Pescara, gli ex vertici di banca Caripe sotto indagine per usura

Nel mirino gli interessi su un prestito di 150mila euro, vittime due imprenditori del mobile. Sequestrate le pratiche in banca

PESCARA. Gli ex vertici della banca Caripe sono finiti sotto inchiesta per concorso in usura nei confronti di due noti imprenditori del mobile. Gli indagati finiti nel mirino del pm Gennaro Varone sono Antonio Di Matteo, amministratore delegato della Caripe fino al 6 ottobre 2011; Mario Russo, amministratore delegato dal 6 ottobre 2011 al 22 maggio 2013; e Franco Tarozzi, che nello stesso periodo ha ricoperto il ruolo di direttore pro tempore della Caripe Agenzia 2.

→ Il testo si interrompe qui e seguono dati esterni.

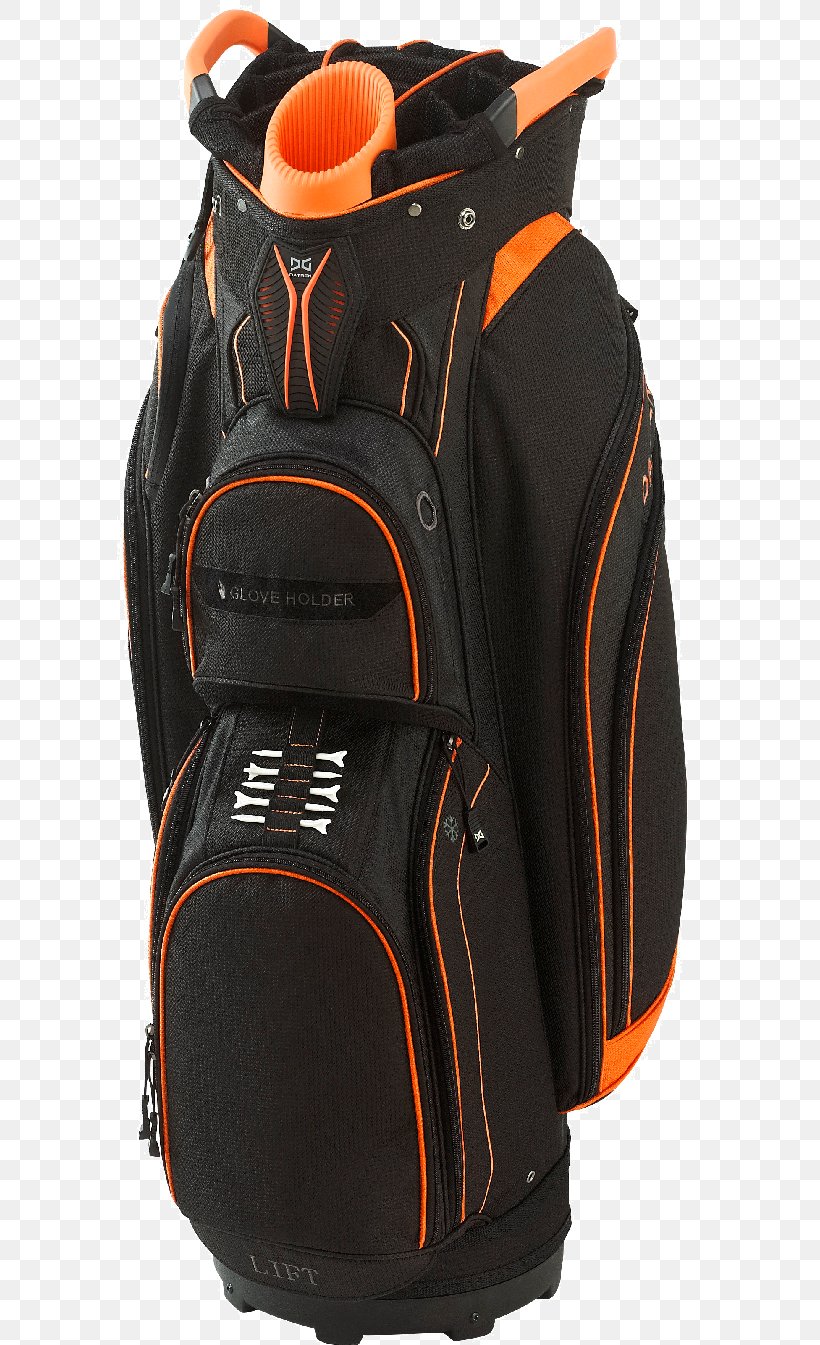 Golfbag Backpack Personal Protective Equipment, PNG, 593x1345px, Golfbag, Backpack, Bag, Golf, Golf Bag Download Free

Nell'ambito delle indagini, che hanno preso il via dalla denuncia dei due imprenditori, soci della stessa azienda, sono state sequestrate alla Caripe le pratiche al vaglio della procura. L'Agenzia numero 2 di Pescara, con sede in via Misticoni, avrebbe concesso agli imprenditori, a partire dal primo trimestre del 1998, un'apertura di credito in favore della gestione dell'attività d'impresa. Per l'accusa, sulle passività di tale conto sarebbero stati «addebitati interessi superiori a quelli della soglia di usura», nel terzo trimestre 2009, nel primo e secondo trimestre 2010, nel secondo, terzo e quarto trimestre 2012, e nei quattro trimestri del 2013.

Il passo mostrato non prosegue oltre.